El Templo, además de ser el centro religioso, era también un lugar de intercambios económicos y financieros: contra esta reducción habían arremetido varias veces los profetas e incluso Jesús mismo (cf. Lc 19, 45-46). ¡Pero cuántas veces pienso en esto cuando veo cualquier parroquia donde se piensa que es más importante el dinero que los sacramentos! ¡Por favor! Iglesia pobre: pidamos esto al Señor. Aquel mendigo, al encontrarse con los Apóstoles, no encuentra dinero sino que encuentra el Nombre que salva al hombre: Jesucristo el Nazareno. Pedro invoca el nombre de Jesús, ordena al paralítico que se ponga en pie, en la posición de los vivos: de pie, y toca a este enfermo, es decir, lo toma de la mano y lo levanta, gesto en el que san Juan Crisóstomo ve «una imagen de la resurrección» (Homilías sobre los Hechos de los Apóstoles, 8). Y aquí aparece el retrato de la Iglesia, que ve a quien está en dificultad, no cierra los ojos, sabe mirar a la humanidad a la cara para crear relaciones significativas, puentes de amistad y solidaridad en lugar de barreras. Aparece el rostro de «una Iglesia sin fronteras que se siente madre de todos» (Evangelii gaudium, 210), que sabe tomar de la mano y acompañar para levantar – no para condenar. Jesús siempre tiende la mano, siempre busca levantar, hacer que la gente sane, que sea feliz, que encuentre a Dios.

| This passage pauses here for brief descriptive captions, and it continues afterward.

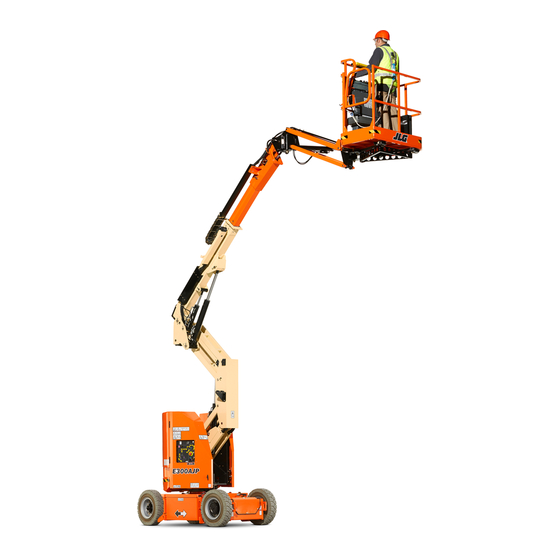Oshkosh Corporation JLG E300A Original Instructions Manual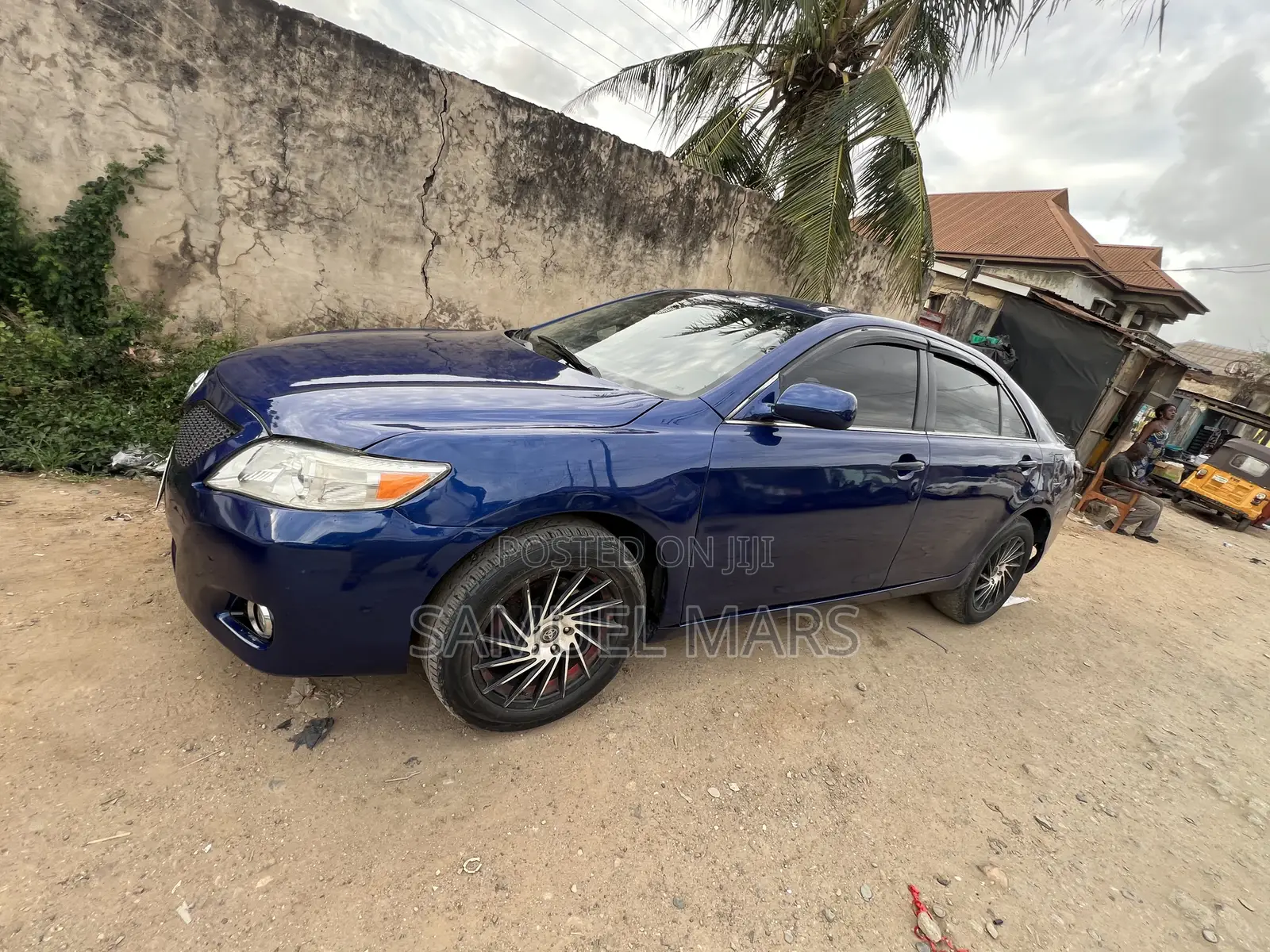 Toyota Camry LE 4dr Sedan (2.4L 4cyl 5A) 2008 Blue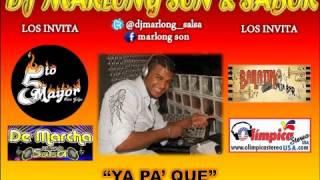 Ya Pa Que  CJ Castro  DJ Marlong Son Y Sabor 2012 [upl. by Dwight]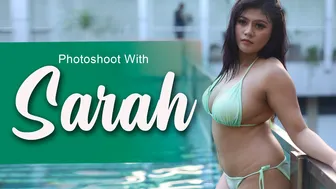 Photoshoot with SARAH | emang yang satu ini bikin puyeng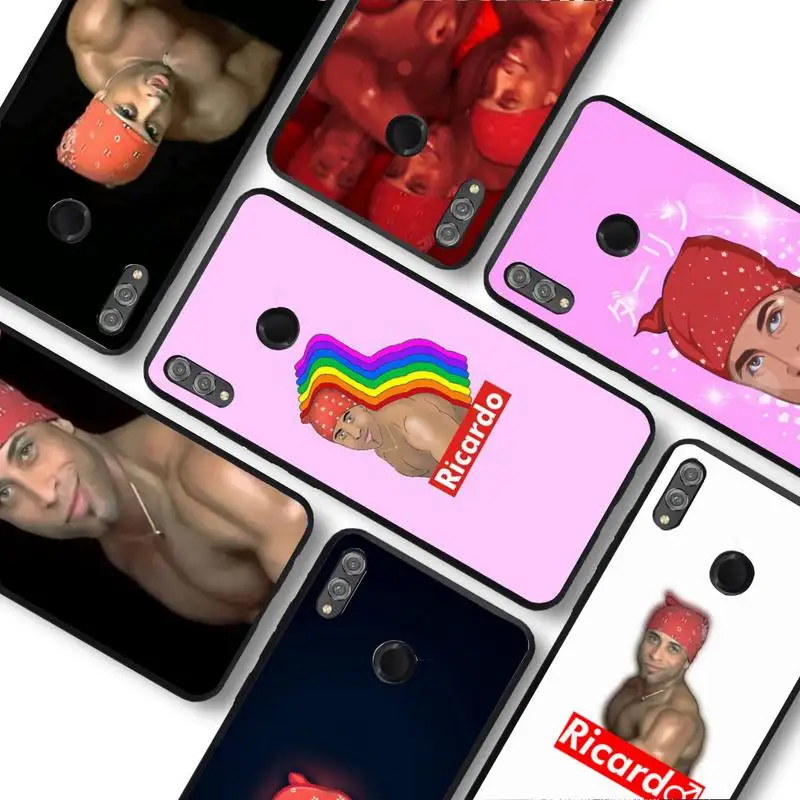 

Ricardo Milos Phone Case For Huawei honor 10Lite 10i 20 8x 10 Funda for Honor 9lite 9xpro Back Coque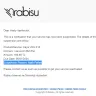 Rabisu - I'm not happy with the service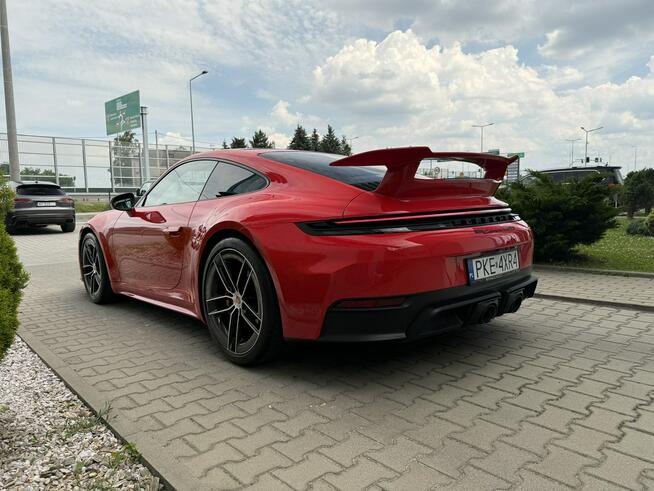 Porsche 911 Carrera 4 GTS 541 KM. Aerokit. PPF. Jak nowy. Węgrzce - zdjęcie 8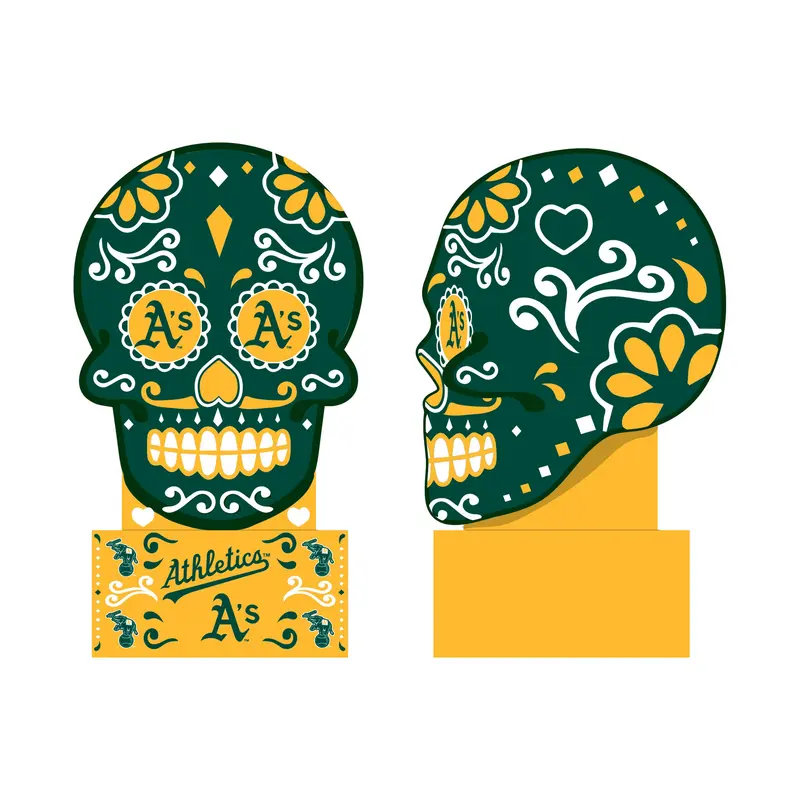Sugar Skull, Oakland A's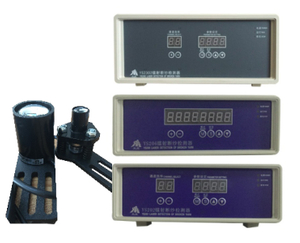 High-precision laser yarn break detector for textile machines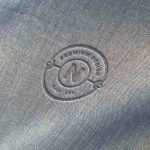 Free Logo Mockup PSD on Linen Cloth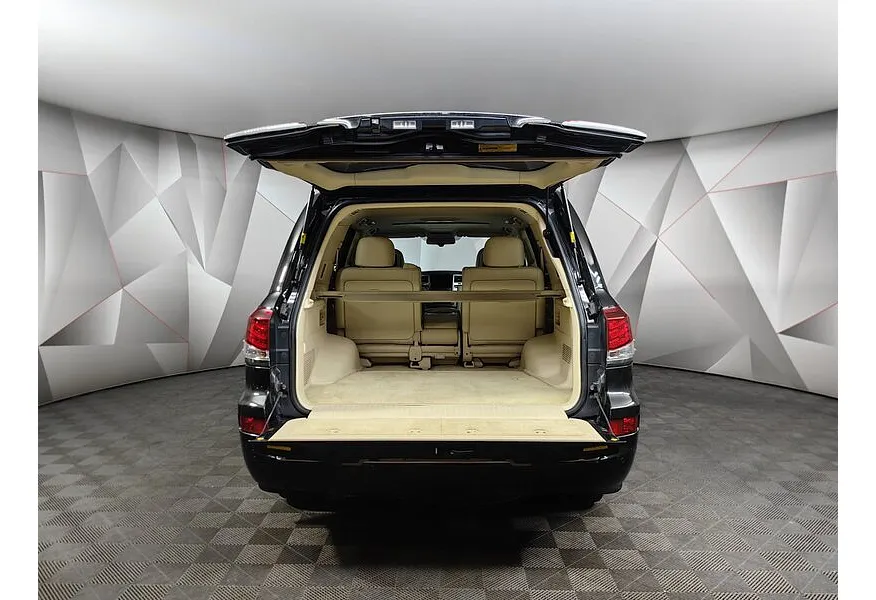 Lexus LX 570 AT (367 л.с.) Черный в АВИЛОН. Слайд №22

Se trata del «arte del acompañamiento» que se caracteriza por la delicadeza con la que uno se acerca a la «tierra sagrada del otro», dando al camino «el ritmo saludable de la proximidad, con una mirada respetuosa y llena de compasión pero que al mismo tiempo sana, libera y anima a madurar en la vida cristiana» (ibíd., 169). Y esto es lo que estos dos apóstoles hacen con el lisiado: lo miran, dicen “míranos”, le tienden la mano, lo hacen levantarse y lo curan. Así hace Jesús con todos nosotros. Pensemos esto cuando estamos en momentos feos, en momentos de pecado, en momentos de tristeza. Ahí está Jesús que nos dice: “Mírame: ¡estoy aquí!”. Tomemos la mano de Jesús y dejémonos levantar.

Pedro y Juan nos enseñan a no confiar en los medios, que también son útiles, sino en la verdadera riqueza que es la relación con el Resucitado. Somos de hecho – como diría san Pablo – «pobres, pero capaces de enriquecer a muchos; como los que no tienen nada y lo poseen todo» (2 Cor 6, 10). Nuestro todo es el Evangelio, que manifiesta el poder del nombre de Jesús que hace prodigios.

Y nosotros – cada uno de nosotros –, ¿qué poseemos? ¿Cuál es nuestra riqueza, cuál es nuestro tesoro? ¿Con qué podemos enriquecer a los demás? Pidamos al Padre el don de una memoria agradecida al recordar los beneficios de su amor en nuestra vida, para dar a todos el testimonio de la alabanza y del reconocimiento. No olvidemos: la mano siempre tendida para ayudar al otro a levantarse; es la mano de Jesús que a través de nuestra mano ayuda a los demás a levantarse.